そろそろ今期の秋冬の新作ショーが本場では行なわれる時期です。私もいつか、パリコレに進出するような世界のブランドに、ゴシックビクトリアと共に世界に挑戦したいと想いを馳せました。
7月23日
今日の気温は過去最高、都内では40度を越えた土地もあるようで、テレビの向こう側では中継の人間達が何やら注意喚起やら酷暑宣言をおこなっているようでした。しかし、真夏の太陽を遮って冷えた空間に篭城している私には人事のように感じざるを得ません。世界から切り取られた空間で、私は生きているような気分になりました。
ゆずの顔が晴れません。ここ数日、なにか考え事をしている様にみえるのですが、本人に尋ねても
「ゆずはいつも通りだよ?」と、少し焦ったような笑顔を返して走り去ってゆきます。ゆずは、昔から嘘や隠し事が出来ない子でした。きっと、私のことについて、何か考えているのでしょう。そこまでわかっていても、私には後はどうすることもできませんでした。
自室でブランドの新作のパターンを起こしているとふと、私は窓を開け、腕を外に伸ばしました。空気がゆらいでいます。
7月20日
ひんやりと冷たい空間で息を潜めるように過ごし、早5日。
今日は、現26代S4の武道館ライブ。それを知ったのは、ゆずから2人で後輩の勇姿を見に行こう!と、特等席のチケットを渡されたからでした。
ゆずにとっては2年を過ごした特別な場所。私には、到達できなかった、特別な場所。
扉を開きました。もう17時、いえ、まだ17時でしょうか。外の気温は高く、日が落ちる もありません。
前髪で隠した冷えピタを見せないよう大きめのつばの付いた麦わら帽子を被り、私は夏の空の下を歩きます。
瞬間、身体中の体温が上がるのを私は感じました。
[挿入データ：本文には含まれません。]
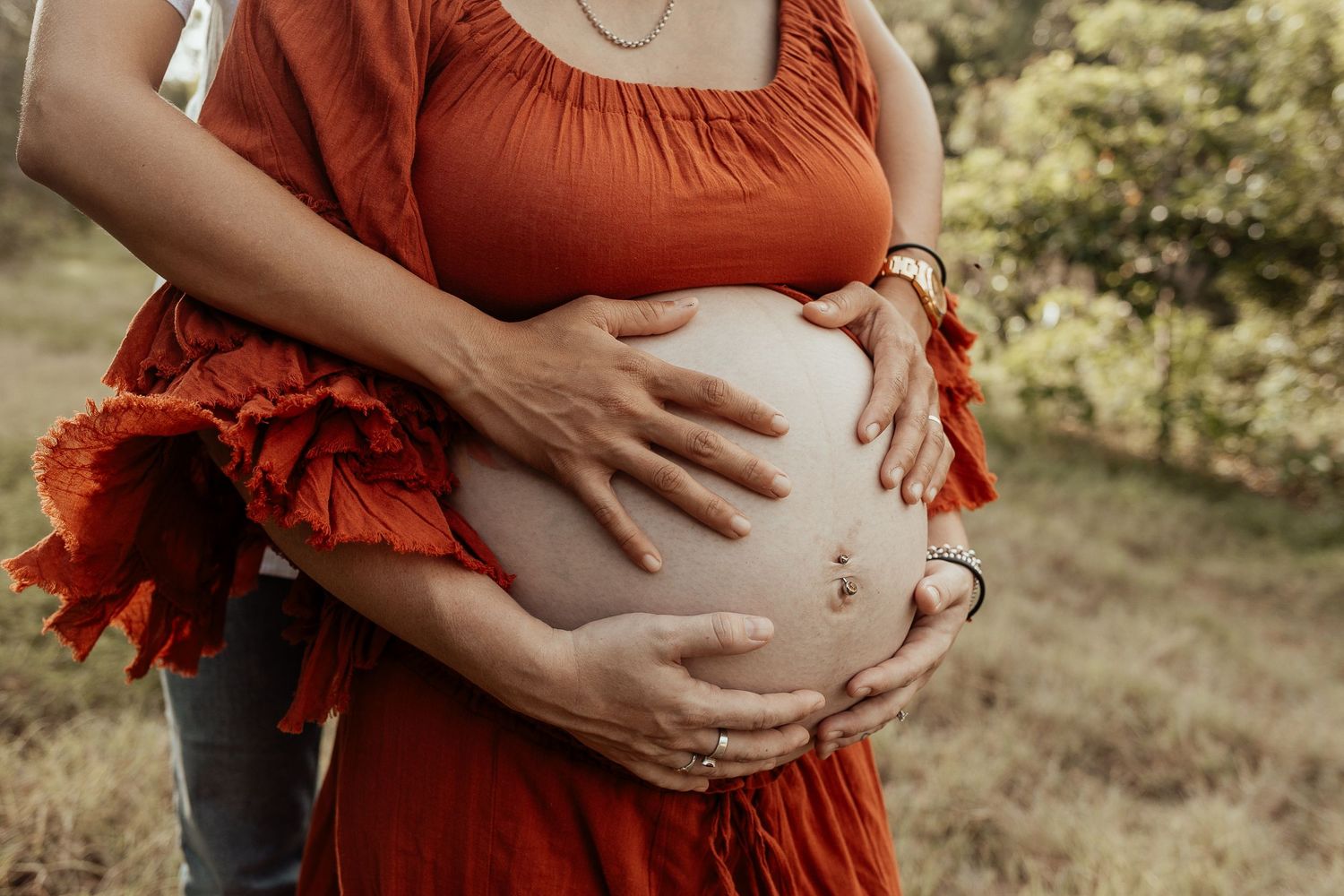A figure wearing a flowing red dress cradles their pregnant belly in a sun-dappled outdoor setting during sunset.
きゅっと一瞬目を瞑ります。
「リリエンヌ!今日もう大丈夫?」
ゆずが走って私の前まで来たのでした。
「…ゆず。太陽が落ちてきたのかと思いましたよ。」
「相変わらずリリエンヌはポエムっこさんだぞ!それより外、暑いから車で送ってもらうぞ。こっち。」
ゆずと会うのはフェスの日ぶり。世界はあれよりもうすっかり夏に染まっておりました。遠くの入道雲、どこから聞こえる蝉の声。
…こんな時期から鳴き続けて、ただでさえ短い時間しか外で生きられないのに。彼らは何を思い生涯の残り5%を地上で過ごすと決めたのでしょう。私は太陽に手を伸ばします。日傘から出た白い手を焦がす感触が伝わる。
「太陽に、憧れてしまったのでしょうか。」
口からほろりと零した言葉にゆずは気づくこともなく、私たちは武道館へ向かいました。